What if the wisdom of Web could be yours, without having to read through it one page at a time? That's what the military wants.
DARPAhas hired a company to develop a reading machine to reduce the gap between the ever increasing mountain of digitized text and the intelligence community's insatiable appetite for data input.
BBN Technologies was awarded the $29.7 million contract to develop a universal text engine capable of capturing knowledge from written matter and rendering it into a format that artificial intelligence systems (AI) and human analysts can work with. (PDF)
The military will use the Machine Reading Program, as it's officially called, to automatically monitor the technological and political activities of nation states and transnational organizations-which could mean everything from al-Qaeda to the U.N.
To pull it off, BBN will "develop techniques that can generalize across the linguistic structure and content of diverse documents to extract relations and axioms directly from text rather than relying on a knowledge engineer to encode such information."
"The machine reading system that DARPA envisions is not evolutionary, but revolutionary," said BBN Technologies VP Prem Natarajan. "Such a system could eliminate many of the impediments to stability that our military faces such as a lack of understanding of local customs, and give us the ability to assess global technology developments continuously."

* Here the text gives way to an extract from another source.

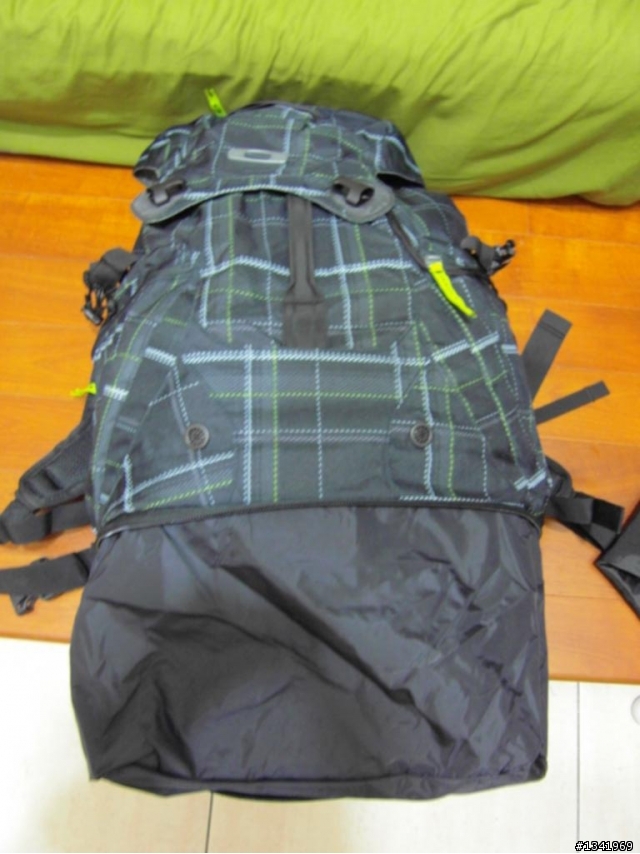 Oakley SURF BACKPACK 不專業之開箱文+實背照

However, BBN also expects the program to enable a plethora of new civilian applications, everything from intelligent bots to personal tutors. The system could provide unprecedented access and automated analysis of the world's libraries, allowing for vastly expanded cultural awareness and historical research, according to the Cambridge, Mass.-based company.
BBN already offers a broadcast monitoring system that automatically transcribes real-time audio stream and translates it into English, creating a continuously updated, searchable archive of international television broadcasts.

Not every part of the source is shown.